Art. XVIII.—Notice of the Occurrence of the Basking Shark (Selache maxima,L.) in New Zealand.
[Read before the Auckland Institute, 6th October, 1890.]
In November, 1889, an unusually large shark, measuring over 34ft. in length, was exhibited for a few days at Devonport. It had been stranded near the mouth of the Wade River, where it and another had been noticed for some days previous. Some enterprising individuals secured it, and towed it to Devonport, partly with the hope of earning a few pounds by exhibiting it to the Auckland public, and partly to extract the oil from the liver, that organ containing in sharks, as is well known, a large supply of valuable oil. Being by far the largest ever exhibited in Auckland, it attracted considerable attention. I was unable to visit it for a day or two, and, as reports were circulated that it had large triangular teeth, I felt confident that it was an unusually large specimen of the White Shark (Carcharodon rondeletii), which visits our coasts every summer. When an inspection of the specimen was made, however, a glance showed that it was not that species. The body was of enormous girth, giving it a very different appearance from the rather slenderly-built white
shark, and the shape of the fins and tail was also different. With some little trouble its mouth was prised open, disclosing the fact that its teeth, instead of being large, were excessively small and numerous. Further examination proved that it was an individual of the Basking Shark (Selache maxima), which is perhaps the largest of all fishes, and which is common in some parts of the Northern Hemisphere. In southern waters it is only known from a single specimen, caught at Portland, on the western coast of Victoria, in November, 1883, and which has been figured and described by Professor McCoy in his “Prodromus of the Zoology of Victoria” (vol. ii., p. 12).

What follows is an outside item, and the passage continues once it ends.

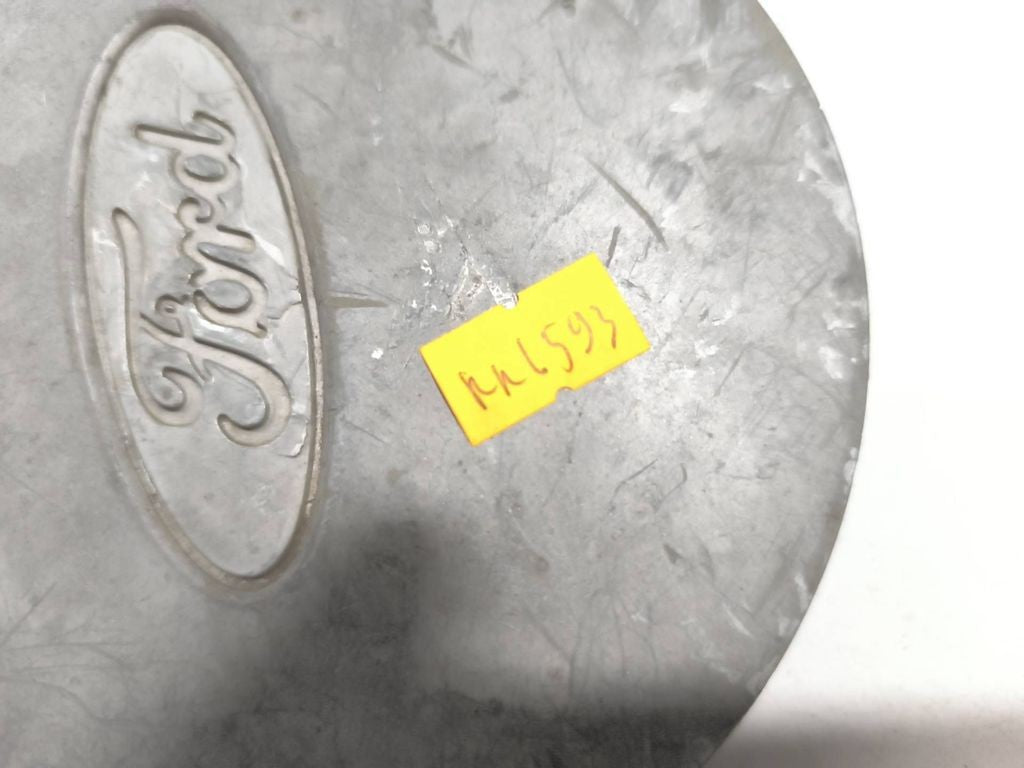 Ford Mondeo MK I 1994 Original wheel cap 93BB1130HB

Unfortunately, my specimen was in much too advanced a stage of decomposition to permit of complete measurements being taken—in fact, it was with difficulty that a spectator could remain near it for more than a few minutes at a time. Its total length, from the tip of the snout to the end of the upper lobe of the tail, was 34ft. 3in.; girth at the middle of the body, 20ft. 9in.; height of first dorsal fin, 5ft. 1in.; depth of pectoral, 5ft. 6in.; width across the tail, from tip to tip of the lobes, 7ft. 2in. From these measurements it will be seen that its size is much in excess of Professor McCoy's specimen, the total length of which was 30ft. 6in.
Mr. R. H. Shakspere, of Whangaparaoa, who saw the specimen very shortly after it was stranded, informs me that every spring several individuals of the same species can be seen near the entrance of the Wade River, and along the shores of Whangaparaoa Peninsula. He believes that they visit these localities in search of their food, which he thinks is composed of small Medusæ and other pelagic organisms. They can be easily recognised from their habit of swimming on the surface of the water, a portion of the back and the huge dorsal fin being usually exposed. It is from this circumstance, taken with the fact that their motions are very often slow and sluggish, that they have received the name of the “basking shark.” They are easily approached and harpooned, and on the west coast of Ireland as many as five hundred have been taken in a single season. The liver often weighs as much as two tons, yielding six to eight barrels of oil. A few years ago, when sharks' oil was of greater value than it is at present, the oil from a single full-sized specimen would often realise from £40 to £50.